Memur-Sen'in bu büyümesi, LİYAKAT düzenini bir yana bırakıp gerek ilk atamalarda gerekse yükseltmelerde Memur-Sen referansının esas alınması, diğer sendika üyelerine baskı ve ayrımcılık yapılması yoluyla sağlanmış bulunuyor. AKP döneminde hemen tüm devlet daireleri ve okul müdürlüklerine Memur-Sen üyeleri atanmış bulunuyor. Başkanları AKP milletvekilleriyle ödüllendiriliyor. Memur-Sen Onursal Başkanı Ahmet Gündoğdu Cumhurbaşkanlığı Eğitim Politikaları Kurulu üyeliğine de atanmış bulunuyor.
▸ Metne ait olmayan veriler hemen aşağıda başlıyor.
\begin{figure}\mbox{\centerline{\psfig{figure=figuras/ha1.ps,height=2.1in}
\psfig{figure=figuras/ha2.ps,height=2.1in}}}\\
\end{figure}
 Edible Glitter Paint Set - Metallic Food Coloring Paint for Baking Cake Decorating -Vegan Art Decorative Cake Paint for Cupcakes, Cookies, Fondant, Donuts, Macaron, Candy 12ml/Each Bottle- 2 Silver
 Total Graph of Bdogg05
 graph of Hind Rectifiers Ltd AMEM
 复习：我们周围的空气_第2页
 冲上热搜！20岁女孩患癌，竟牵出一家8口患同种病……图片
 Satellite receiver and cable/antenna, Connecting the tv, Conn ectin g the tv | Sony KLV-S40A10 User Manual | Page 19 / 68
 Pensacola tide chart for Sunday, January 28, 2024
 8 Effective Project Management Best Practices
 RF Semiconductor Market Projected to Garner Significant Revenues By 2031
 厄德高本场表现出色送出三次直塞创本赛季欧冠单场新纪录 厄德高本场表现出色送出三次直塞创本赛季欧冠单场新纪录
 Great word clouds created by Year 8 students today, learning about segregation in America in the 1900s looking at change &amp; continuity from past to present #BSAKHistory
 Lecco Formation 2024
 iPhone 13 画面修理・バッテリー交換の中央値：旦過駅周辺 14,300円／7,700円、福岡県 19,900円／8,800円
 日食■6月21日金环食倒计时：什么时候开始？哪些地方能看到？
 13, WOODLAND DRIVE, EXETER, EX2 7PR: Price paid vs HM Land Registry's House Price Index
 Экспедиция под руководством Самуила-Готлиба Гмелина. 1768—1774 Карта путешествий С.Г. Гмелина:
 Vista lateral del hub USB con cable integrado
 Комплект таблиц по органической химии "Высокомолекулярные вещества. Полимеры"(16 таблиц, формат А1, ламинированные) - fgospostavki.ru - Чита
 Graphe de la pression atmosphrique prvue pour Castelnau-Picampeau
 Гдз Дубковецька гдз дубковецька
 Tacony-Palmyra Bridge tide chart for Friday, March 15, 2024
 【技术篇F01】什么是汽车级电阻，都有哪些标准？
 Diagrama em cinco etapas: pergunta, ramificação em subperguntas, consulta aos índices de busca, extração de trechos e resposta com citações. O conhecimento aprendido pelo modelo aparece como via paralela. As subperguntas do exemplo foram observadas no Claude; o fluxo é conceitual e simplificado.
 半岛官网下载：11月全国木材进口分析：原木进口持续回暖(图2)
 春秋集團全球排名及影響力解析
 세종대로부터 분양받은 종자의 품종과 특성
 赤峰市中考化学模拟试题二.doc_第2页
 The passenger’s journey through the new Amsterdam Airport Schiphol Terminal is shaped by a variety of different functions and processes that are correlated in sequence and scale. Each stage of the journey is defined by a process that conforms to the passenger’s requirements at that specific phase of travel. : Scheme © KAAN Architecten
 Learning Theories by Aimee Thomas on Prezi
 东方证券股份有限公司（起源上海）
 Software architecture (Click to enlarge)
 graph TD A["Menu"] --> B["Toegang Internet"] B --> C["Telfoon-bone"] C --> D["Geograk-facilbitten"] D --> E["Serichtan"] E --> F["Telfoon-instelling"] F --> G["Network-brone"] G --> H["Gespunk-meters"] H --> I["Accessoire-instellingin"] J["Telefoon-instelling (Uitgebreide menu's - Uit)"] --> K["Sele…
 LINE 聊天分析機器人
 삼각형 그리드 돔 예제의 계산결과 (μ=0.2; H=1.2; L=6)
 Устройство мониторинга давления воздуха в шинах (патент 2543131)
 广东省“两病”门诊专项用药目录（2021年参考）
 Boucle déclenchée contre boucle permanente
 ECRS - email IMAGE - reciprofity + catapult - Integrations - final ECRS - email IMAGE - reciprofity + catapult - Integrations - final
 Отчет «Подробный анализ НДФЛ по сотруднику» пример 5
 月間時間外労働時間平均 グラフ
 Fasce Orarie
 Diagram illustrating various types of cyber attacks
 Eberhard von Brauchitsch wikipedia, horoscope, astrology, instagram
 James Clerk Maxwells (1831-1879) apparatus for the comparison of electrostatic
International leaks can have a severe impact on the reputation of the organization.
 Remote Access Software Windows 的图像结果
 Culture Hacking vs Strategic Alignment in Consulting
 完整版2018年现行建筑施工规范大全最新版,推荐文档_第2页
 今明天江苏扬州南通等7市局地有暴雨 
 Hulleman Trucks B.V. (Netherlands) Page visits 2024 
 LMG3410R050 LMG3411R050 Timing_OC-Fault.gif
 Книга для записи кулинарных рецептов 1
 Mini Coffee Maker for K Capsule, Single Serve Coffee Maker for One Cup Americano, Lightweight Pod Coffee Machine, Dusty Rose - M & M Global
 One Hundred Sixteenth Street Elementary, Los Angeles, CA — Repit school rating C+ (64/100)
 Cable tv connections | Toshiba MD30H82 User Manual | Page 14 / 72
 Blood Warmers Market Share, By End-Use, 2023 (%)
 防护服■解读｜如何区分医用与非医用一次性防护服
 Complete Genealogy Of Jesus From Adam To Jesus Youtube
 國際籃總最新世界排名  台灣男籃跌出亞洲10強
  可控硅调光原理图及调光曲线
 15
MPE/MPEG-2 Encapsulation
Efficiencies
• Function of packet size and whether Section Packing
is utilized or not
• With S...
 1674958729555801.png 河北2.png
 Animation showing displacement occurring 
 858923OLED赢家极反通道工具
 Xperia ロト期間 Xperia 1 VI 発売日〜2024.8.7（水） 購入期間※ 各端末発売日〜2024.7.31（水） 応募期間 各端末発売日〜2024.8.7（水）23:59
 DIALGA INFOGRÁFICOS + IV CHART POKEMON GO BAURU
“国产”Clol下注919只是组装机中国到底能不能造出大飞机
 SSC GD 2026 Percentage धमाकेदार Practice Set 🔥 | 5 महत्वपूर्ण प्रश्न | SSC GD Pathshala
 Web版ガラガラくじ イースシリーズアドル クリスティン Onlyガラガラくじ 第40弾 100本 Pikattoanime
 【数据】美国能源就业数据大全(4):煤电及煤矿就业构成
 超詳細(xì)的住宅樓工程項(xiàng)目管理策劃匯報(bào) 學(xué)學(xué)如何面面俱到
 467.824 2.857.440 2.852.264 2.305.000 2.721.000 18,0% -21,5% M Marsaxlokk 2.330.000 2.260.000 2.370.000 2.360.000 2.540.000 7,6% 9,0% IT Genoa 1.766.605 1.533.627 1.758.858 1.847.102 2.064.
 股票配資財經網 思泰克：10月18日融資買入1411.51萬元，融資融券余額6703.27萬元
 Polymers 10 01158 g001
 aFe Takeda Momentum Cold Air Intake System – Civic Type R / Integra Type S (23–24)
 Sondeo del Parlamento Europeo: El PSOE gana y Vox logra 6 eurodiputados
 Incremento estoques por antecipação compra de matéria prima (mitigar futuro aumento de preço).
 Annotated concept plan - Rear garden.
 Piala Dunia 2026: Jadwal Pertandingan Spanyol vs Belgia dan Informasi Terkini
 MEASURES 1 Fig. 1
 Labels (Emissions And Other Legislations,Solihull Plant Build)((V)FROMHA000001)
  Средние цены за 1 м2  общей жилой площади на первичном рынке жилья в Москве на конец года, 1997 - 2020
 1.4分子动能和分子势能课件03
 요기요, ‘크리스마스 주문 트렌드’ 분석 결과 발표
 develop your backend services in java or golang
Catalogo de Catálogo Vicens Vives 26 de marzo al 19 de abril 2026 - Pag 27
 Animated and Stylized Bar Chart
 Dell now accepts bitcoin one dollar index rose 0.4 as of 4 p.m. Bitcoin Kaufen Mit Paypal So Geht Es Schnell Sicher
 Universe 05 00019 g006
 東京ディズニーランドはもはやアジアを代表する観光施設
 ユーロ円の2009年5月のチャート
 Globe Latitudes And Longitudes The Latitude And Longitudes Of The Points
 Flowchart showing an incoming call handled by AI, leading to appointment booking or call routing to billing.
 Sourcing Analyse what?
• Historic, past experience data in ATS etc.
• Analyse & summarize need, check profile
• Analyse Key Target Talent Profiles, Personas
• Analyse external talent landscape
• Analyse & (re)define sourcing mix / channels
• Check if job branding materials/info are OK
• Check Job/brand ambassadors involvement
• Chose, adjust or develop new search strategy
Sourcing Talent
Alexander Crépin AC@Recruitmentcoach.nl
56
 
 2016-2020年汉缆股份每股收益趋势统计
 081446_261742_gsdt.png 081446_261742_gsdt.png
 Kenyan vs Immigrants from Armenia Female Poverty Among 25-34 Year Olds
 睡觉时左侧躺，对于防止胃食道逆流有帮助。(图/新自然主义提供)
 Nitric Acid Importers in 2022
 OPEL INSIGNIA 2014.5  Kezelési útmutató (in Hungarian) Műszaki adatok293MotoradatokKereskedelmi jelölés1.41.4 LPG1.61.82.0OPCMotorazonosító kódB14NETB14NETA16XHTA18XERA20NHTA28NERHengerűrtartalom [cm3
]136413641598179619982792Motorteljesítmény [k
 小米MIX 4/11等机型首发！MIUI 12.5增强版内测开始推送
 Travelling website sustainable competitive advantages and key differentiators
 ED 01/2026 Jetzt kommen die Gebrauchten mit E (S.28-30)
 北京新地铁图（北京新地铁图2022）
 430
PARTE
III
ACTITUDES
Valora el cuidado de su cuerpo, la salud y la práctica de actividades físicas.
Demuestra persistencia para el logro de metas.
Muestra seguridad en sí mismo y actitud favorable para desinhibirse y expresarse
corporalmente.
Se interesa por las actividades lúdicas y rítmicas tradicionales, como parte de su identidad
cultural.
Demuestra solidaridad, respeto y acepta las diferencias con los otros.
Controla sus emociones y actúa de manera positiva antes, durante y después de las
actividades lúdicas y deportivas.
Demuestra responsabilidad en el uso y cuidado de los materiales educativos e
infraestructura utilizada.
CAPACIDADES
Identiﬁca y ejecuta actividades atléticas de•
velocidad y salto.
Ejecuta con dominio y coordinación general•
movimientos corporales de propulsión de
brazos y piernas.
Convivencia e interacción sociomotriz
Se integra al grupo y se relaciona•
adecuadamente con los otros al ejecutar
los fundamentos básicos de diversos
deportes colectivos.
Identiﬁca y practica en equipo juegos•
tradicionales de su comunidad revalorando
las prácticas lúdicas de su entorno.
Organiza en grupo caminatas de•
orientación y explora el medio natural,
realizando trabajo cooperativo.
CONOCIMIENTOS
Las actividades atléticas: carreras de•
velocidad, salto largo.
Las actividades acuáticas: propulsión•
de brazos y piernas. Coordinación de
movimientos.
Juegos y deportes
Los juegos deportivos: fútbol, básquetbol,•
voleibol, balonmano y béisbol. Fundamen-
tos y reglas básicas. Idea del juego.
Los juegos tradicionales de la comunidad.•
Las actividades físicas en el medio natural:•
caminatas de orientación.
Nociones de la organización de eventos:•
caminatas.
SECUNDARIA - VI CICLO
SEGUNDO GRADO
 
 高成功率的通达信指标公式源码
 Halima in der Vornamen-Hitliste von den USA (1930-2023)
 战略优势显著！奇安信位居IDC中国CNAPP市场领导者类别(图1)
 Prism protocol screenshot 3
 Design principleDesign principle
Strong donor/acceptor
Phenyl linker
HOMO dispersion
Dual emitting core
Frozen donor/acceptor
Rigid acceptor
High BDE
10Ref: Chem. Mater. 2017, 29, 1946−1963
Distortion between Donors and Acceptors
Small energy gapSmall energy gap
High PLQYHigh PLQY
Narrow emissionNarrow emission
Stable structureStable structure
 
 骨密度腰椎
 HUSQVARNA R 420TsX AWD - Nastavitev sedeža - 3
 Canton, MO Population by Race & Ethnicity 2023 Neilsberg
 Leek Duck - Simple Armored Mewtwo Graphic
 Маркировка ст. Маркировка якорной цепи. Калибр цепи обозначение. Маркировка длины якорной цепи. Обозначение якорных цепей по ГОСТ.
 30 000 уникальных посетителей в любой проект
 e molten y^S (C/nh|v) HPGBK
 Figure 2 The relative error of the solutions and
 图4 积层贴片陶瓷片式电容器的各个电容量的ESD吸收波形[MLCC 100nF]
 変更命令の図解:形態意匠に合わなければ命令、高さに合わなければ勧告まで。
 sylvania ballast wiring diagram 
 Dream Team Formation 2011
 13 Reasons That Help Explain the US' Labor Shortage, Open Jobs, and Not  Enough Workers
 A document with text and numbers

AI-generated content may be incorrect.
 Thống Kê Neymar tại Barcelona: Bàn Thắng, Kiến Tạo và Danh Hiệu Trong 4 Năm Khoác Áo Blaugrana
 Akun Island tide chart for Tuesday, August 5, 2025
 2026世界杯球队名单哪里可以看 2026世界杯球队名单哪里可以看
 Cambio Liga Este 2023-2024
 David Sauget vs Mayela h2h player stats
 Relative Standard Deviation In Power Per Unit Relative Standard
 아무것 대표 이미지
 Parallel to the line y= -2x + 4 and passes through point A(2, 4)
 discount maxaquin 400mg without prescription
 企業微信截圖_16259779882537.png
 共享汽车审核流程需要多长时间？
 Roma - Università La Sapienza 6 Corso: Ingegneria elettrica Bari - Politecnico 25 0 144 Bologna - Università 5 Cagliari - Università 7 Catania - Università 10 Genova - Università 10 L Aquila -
AKP'NİN ARKA BAHÇESİ MEMUR-SEN

Tüm seçim ve referandumlarda Memur-Sen AKP için çalışıyor. Bunun için tek bir örnek vermek yeterli: 3 Haziran 2018. Seçim öncesi. Memur-Sen'in “Ankara Buluşması” adlı Ankara Tevfik İleri İmam Hatip Lisesinin bahçesinde düzenlenen iftar programında Genel Başkan Ali Yalçın yaptığı konuşmada Cumhurbaşkanı Erdoğan'ı destekleyeceklerini söyleyerek, “Biz 16 Nisan'da Memur-Sen ailesi olarak 350 merkeze inip neye evet dediysek, 24 Haziran’da da abdestimizden hiç şüphemiz yok. Ona evet demek için sandığa gideceğiz” dedi.

‘KURAL İŞİME GELİRSE KURALDIR’ DÜŞÜNCESİ BÖLÜCÜLÜKTÜR

AKP ve ne yazık ki İslami kesimler dine dayandırılmayan her tür normu ve yapılanmayı, ancak kendi işlerine geldiği kadar kullanıyor; liyakate, temel hak ve özgürlüklere, anayasa veya yasalara ve demokratik değerlere bir saygısı bulunmuyor. Din devleti (şeriat ve padişahlık) dışındaki devlet anlayışı da araçsal demokrasi ve sendika söylemi de.

Samimiyetsiz ikiyüzlü bir söylem kalıyor geriye, kendi işime gelirse doğru, işime gelmezse yanlış anlayışı hakim oluyor.

Devlet dairelerinde kendinden olmayan sendika ve memurlar ayrımcılığa uğruyor, seçimlerde kendisiyle iş birliği yapmayan partiler ve üyeleri. AKP lehine çıkmayan seçimler haziran 2015’te de mart 2019’da da yok sayılıyor.

Araçsal akıl insanlığı ve Türkiye’yi yok ediyor. Emperyalizm ülkeleri işgal ederken insan hakları ve demokrasi söylemini nasıl kullanıyorsa AKP aynısını Türkiye’de yapıyor. Kural herkes için aynı değilse ortaya yalancılığın ötesinde grupları kategorize edip ayrıştırdığı için büyük bir kamplaşma, daha da ötesi bölücülük çıkıyor.